2024年3月25日、ロシアのウラジーミル・プーチン大統領が社会経済開発に関する指示リストを承認しました。この指示リストの中で、プーチン大統領はロシア企業に対してPlayStation 5やXbox Series X/Sと競合するようなゲーム機の生産を命じています。

ロシアの日刊全国紙であるKommersantの報道によると、ロシア政府が「据え置き型および携帯型ゲーム機の生産を組織する問題を検討する」という命令を下したとのこと。Kommersantに情報を提供した人物によると、ロシア最大のソーシャルネットワーキングサービスであるVKontakteがプロジェクトの主な責任者となり、ゲーム機の製造はロシア最大のセットトップボックス開発会社であるGS Groupが担当することとなるそうです。

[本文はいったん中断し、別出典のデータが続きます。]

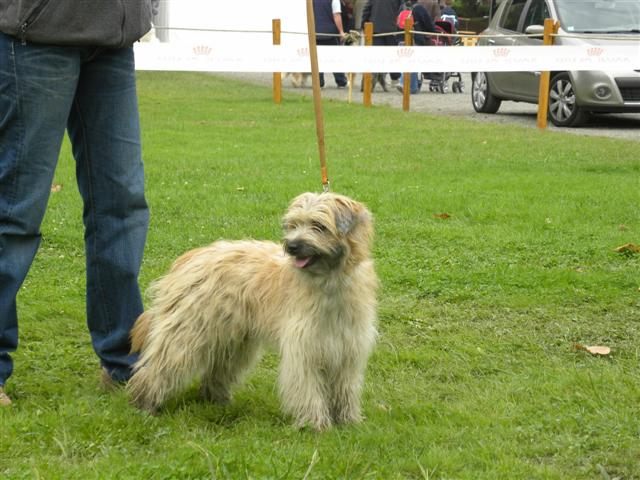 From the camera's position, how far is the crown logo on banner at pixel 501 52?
14984mm

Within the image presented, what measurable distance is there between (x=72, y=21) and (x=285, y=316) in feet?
4.94

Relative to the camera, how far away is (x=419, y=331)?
18.1 ft

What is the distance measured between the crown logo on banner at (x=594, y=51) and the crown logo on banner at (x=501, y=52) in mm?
1296

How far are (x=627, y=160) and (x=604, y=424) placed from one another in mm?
7585

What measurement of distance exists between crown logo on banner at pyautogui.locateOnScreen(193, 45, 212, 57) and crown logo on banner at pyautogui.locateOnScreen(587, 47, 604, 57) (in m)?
5.81

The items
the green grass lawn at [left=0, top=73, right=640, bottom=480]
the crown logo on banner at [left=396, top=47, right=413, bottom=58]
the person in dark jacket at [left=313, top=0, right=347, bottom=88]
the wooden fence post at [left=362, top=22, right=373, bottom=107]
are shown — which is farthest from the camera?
the person in dark jacket at [left=313, top=0, right=347, bottom=88]

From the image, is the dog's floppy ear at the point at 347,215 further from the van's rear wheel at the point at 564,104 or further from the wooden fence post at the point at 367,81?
the wooden fence post at the point at 367,81

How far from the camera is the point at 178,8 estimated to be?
27391 mm

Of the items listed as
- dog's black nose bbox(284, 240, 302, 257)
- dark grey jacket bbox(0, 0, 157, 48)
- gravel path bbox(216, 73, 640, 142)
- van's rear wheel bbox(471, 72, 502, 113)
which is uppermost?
dark grey jacket bbox(0, 0, 157, 48)

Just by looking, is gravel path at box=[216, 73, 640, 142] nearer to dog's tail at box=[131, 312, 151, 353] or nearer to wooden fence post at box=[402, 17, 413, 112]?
wooden fence post at box=[402, 17, 413, 112]

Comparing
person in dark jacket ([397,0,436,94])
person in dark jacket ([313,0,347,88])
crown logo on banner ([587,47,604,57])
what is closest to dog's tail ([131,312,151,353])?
crown logo on banner ([587,47,604,57])

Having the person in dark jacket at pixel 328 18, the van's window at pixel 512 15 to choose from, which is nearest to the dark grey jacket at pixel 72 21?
the van's window at pixel 512 15

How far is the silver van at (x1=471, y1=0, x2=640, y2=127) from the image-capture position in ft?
47.3

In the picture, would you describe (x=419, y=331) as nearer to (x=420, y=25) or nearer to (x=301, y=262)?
(x=301, y=262) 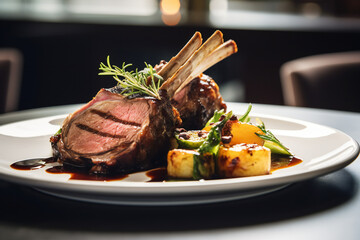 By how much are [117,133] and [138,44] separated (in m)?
3.98

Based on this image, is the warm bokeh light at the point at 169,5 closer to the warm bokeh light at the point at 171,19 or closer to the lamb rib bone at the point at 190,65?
the warm bokeh light at the point at 171,19

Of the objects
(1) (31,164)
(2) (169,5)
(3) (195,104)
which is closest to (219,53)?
(3) (195,104)

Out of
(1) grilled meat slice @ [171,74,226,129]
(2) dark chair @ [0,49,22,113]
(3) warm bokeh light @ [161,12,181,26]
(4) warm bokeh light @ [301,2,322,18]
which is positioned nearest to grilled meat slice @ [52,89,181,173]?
(1) grilled meat slice @ [171,74,226,129]

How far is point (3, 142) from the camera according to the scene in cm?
158

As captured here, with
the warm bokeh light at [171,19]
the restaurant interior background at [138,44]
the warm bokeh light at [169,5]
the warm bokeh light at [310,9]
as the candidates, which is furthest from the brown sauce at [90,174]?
the warm bokeh light at [310,9]

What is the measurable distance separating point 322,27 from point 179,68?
14.4 feet

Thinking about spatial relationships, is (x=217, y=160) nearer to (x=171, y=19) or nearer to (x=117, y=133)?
(x=117, y=133)

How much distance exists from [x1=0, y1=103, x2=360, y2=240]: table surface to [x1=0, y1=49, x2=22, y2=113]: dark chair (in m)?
2.06

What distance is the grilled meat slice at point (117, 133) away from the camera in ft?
4.58

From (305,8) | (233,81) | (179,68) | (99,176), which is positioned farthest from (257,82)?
(99,176)

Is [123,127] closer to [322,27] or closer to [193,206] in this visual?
[193,206]

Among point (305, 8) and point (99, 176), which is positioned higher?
point (305, 8)

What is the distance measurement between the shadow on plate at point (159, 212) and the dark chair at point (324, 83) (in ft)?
6.60

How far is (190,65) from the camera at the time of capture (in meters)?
1.59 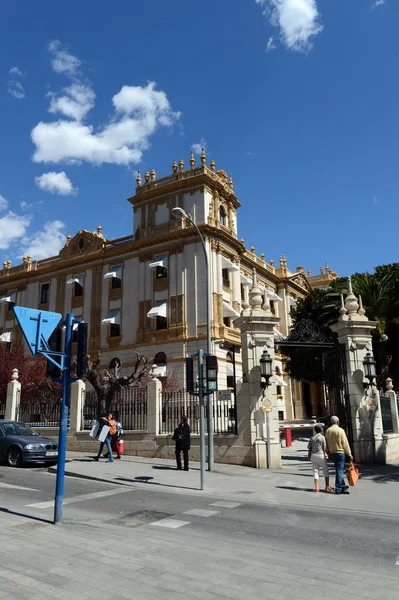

この命令の一環として、VKontakteとGS Groupは2024年6月15日までにロシアの一般消費者向けに家庭用ゲーム機および携帯ゲーム機の両方を生産する責任を負うこととなる模様。

なお、今回の命令の追加措置として、VKontakteとGS Groupに対して「ゲームやプログラムをユーザーに配信するためのオペレーティングシステムとクラウドシステムの作成」という任務も課せられています。

ゲーム業界への進出をロシアが目論むのは今回が初めてのことではありません。ロシアは2022年に同国によるウクライナ侵攻の影響でゲームエンジン開発のEpic GamesやUnity Technologiesがロシアとの取引を停止することに備えて、独自のゲームエンジンを開発するのではと報じられました。さらに、2023年にはマインクラフト関連のコミュニティにロシアの工作員が「侵入」しようと試みていたことも明らかになっています。

ロシアのウクライナ侵攻以来、ゲーム業界の大多数がロシアとの関係を断絶しているため、ロシア政府は自国のゲーム産業を復興すべく精力的に取り組みを進めています。

VKontakteとGS Groupに対して下されたゲーム機開発命令の期限は2024年6月15日に設定されているため、海外ゲームメディアのKotakuは「数か月以内にこれを実現することは不可能」と言及。また、Kommersantでも業界アナリストが「独自のPlayStationやXboxを製造する能力はロシアになく、そのようなシステムをゼロから作り出すには最大10年の時間がかかるでしょう」とコメントしています。